El toro y su amiga vacuna se fueron directos hacia la plaza de España, sembrando el pánico por donde pasaban. Los comerciantes cerraron sus negocios aterrorizados y la gente se encerraba donde podía para ponerse a cubierto. Algunos no pudieron encontrar un lugar en el que protegerse, como una señora de 66 años, llamada Juana, que el toro corneó y lanzó por los aires varias veces. Algunas personas intentaron socorrer a Juana pero el toro acabó corneando a otras dos personas, que acabaron en la Casa de Socorro, junto a Juana.

Después de estos ataques, el toro y la vaca de dieron a la fuga y se presentaron en un mercado de la Corredera Alta de San Pablo, precisamente a las ocho de la mañana, el momento en el que se encontraba abarrotado de gente. Allí se liaron a cornear todos los puestos que encontraron a su paso, con especial dedicación a los de frutas y verduras y aprovecharon para darse un festín a base de plátanos, además de coles y otras verduras. Parece ser que el toro quedó entusiasmado con los plátanos.

Después de visitar el mercado, el toro echó a correr hacia la Gran Vía, que se encontraba en ese momento abarrotada de gente, como siempre, provocando el terror de los viandantes.

Los guardias urbanos, por alguna extraña razón, estaban más preocupados en contener a la gente que en acabar con el toro y solucionar el problema, pese a ello, sus esfuerzos fueron inútiles, no sólo reinaba el caos por toda la ciudad, además, empezaron a salir espontáneos que intentaban emular a los toreros de la época, la mayoría de los que lo intentaron fueron corneados por el toro.
Justo en ese momento, en la Gran Vía se encontraba un torero de poca monta, Diego de Mazquiarán, apodado El Fortuna, que iba con su esposa para visitar a los padres de ésta. Sin pensárselo dos veces, puso a su esposa a cubierto y con su abrigo, a modo de capote, se puso a torear al toro.

El Fortuna parecía dominar al astado, poco a poco la muchedumbre les rodearon y los gritos de terror se transformaron en ¡olés!

Del cercano casino militar un señor trajo un sable para que el Fortuna diese muerte al animal, pero el torero no lo consideró un arma adecuada, así que pidió a un muchacho que allí se encontraba, que fuese a su casa, en Valverde, 40, para recoger el estoque del torero, con el que pretendía dar muerte al toro.

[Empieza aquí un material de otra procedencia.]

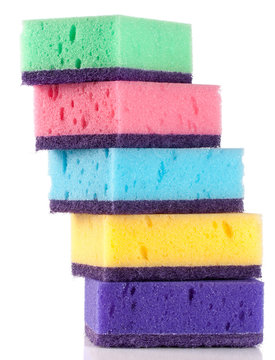 multicolored sponges for dishwashing isolated on a white background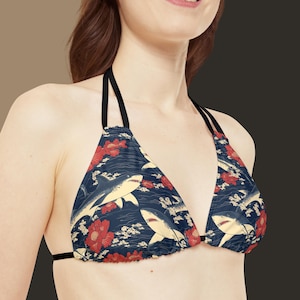 Op de afbeelding: Een zwarte bikini top met verstelbare bandjes met een blauwe en witte print van haaien en rode bloemen.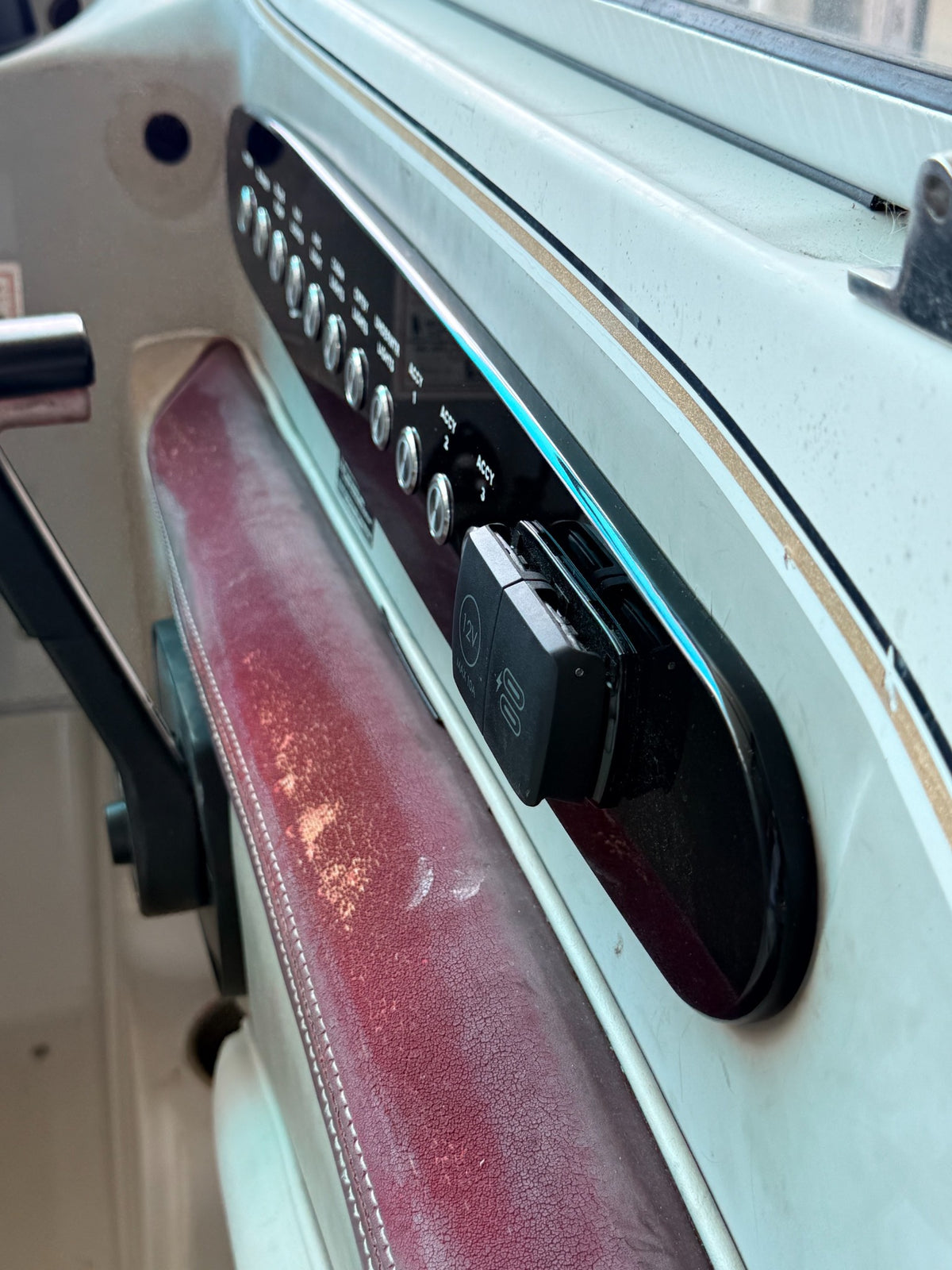 Custom glossy black acrylic marine push button and accessory panel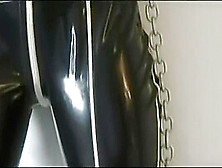 Redhead In Heavy Rubber And Metal Cuffs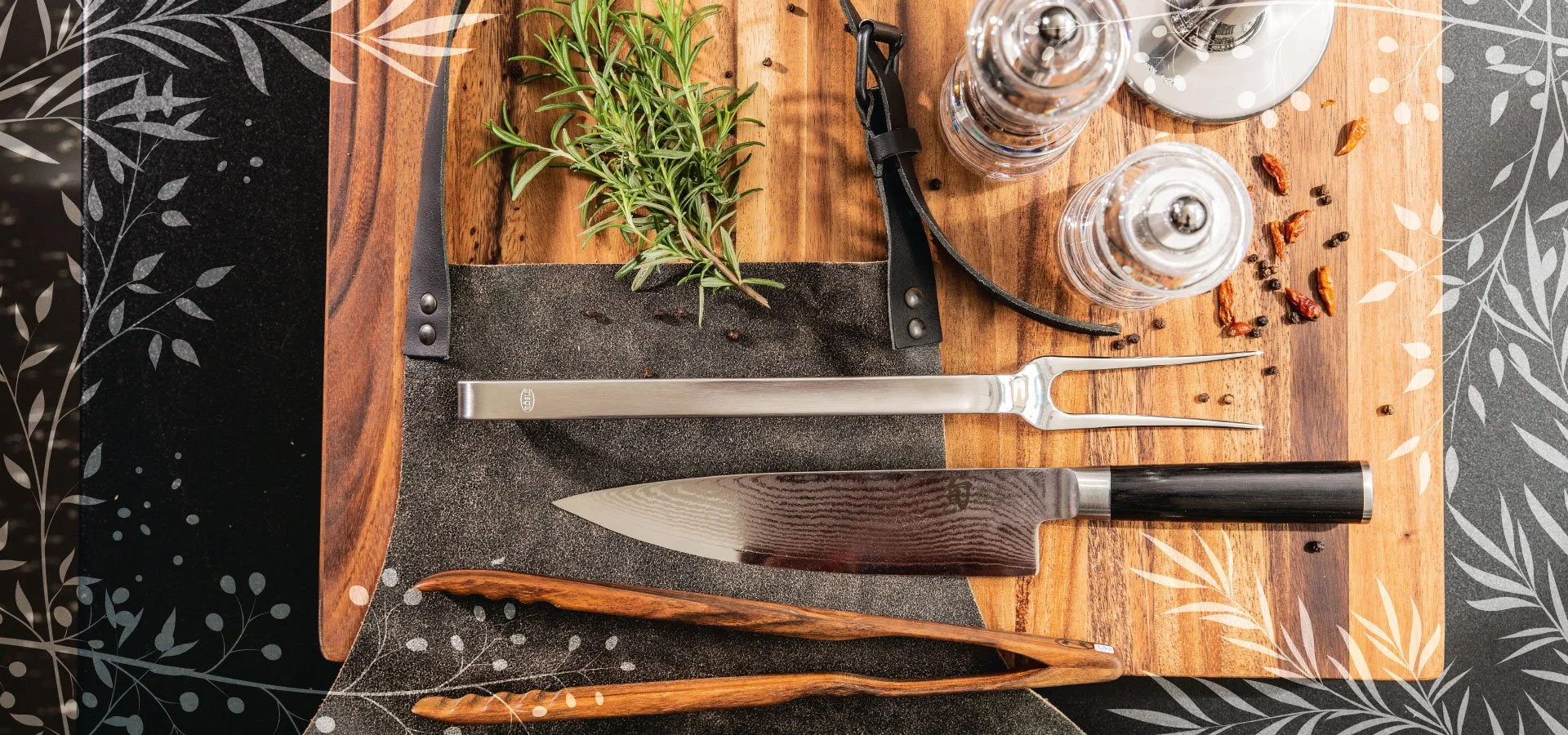 Kochutensilien und Kräuter auf einem Holzbrett, darunter ein Küchenmesser, ein Fleischgabel, Pfeffer- und Salzstreuer, Wacholderbeeren, und frische Kräuter.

El chaval tardó 15 minutos en llegar, en ese tiempo, la Gran Vía se había convertido en una plaza de toros, ¡ooolé! gritaban a cada capotazo, ¡uuuuuyyy! a las embestidas del toro.
Desde las ventanas de los edificios de alrededor y concretamente desde uno de los balcones, un grupo de modistas de un taller de costura, jaleaban y suspiraban ante los pases del Fortuna.

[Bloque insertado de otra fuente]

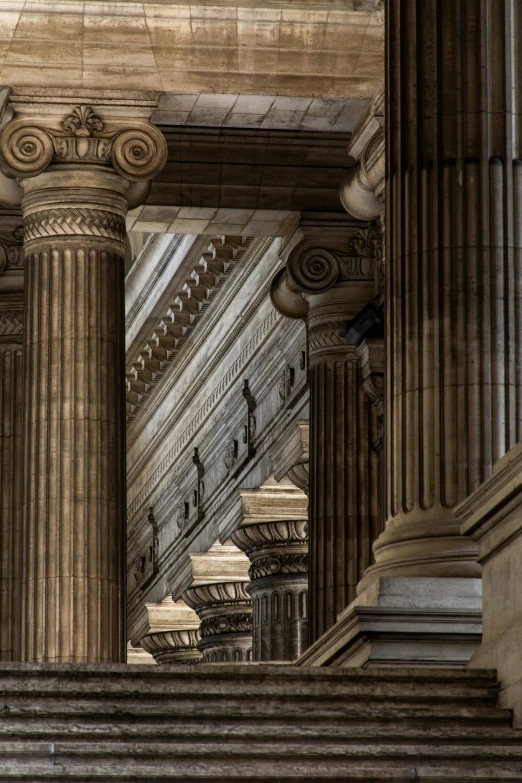 a tall building with pillars and a clock on the top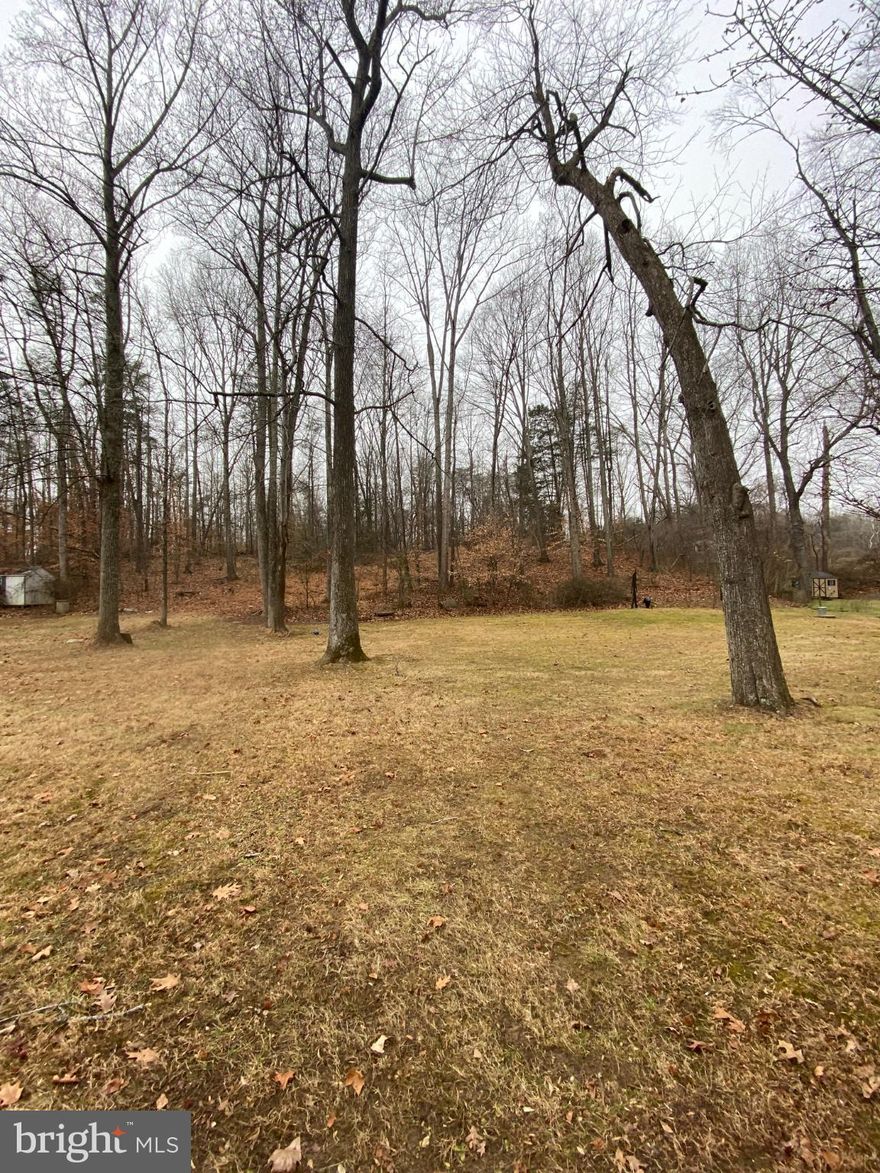 Opportunity awaits with this well-located .33ac property. Build your own single family home on this land or hold it as an investment for your future.  Tall mature tress and amply yard space for your enjoyment . Situated in a desirable area with quick and convenient access to major routes, shopping, and local amenities.  No HOA to interfere with your dreams and no HOA expense. 
The seller represents that public water and public sewer are available to tap into, adding significant value and reducing development uncertainty.  Documentation of water and sewer access available on request. These documents provided by Stafford County Government to the seller. Buyers are encouraged to perform their own due diligence to confirm utility availability, tap fees, zoning, and intended use. A rare chance to secure a property with existing public utility access in a growing area.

Ya con el estoque en su poder, el Fortuna entró a matar, la gente guardó silencio, todo el mundo contenía la respiración hasta que, finalmente, clavó medio estoque en el animal.
El silencio se convirtió en estruendo, los aplausos, bravos y olés se trasformaron en un ¡ay! cuando el toro, tocado de muerte y agonizante, quiso hacer una última fechoría y cornear el público que entusiasmados jaleaban al torero.

Finalmente, el toro se desplomó en la calzada adoquinada. Una vez más el estruendo resonó por toda la gran vía, las modistillas del balcón, emocionadas, sacaron pañuelos blancos y el Fortuna, aquel diestro sin fortuna hizo su mañana. Varios espontáneos se lo llevaron a hombros a un café de la calle Alcalá, entre vivas y olés en un mar de pañuelos blancos.

Foto: El País

Ni que decir tiene que el Fortuna fue figura en el cartel principal de los siguientes festejos taurinos, además, fue condecorado a petición popular, con la Cruz de Beneficencia por su hazaña heroica.

Por desgracia, al torero la fortuna no le acompañó mucho tiempo, pocos años después, terminaría sus días en un manicomio en Perú loco perdido.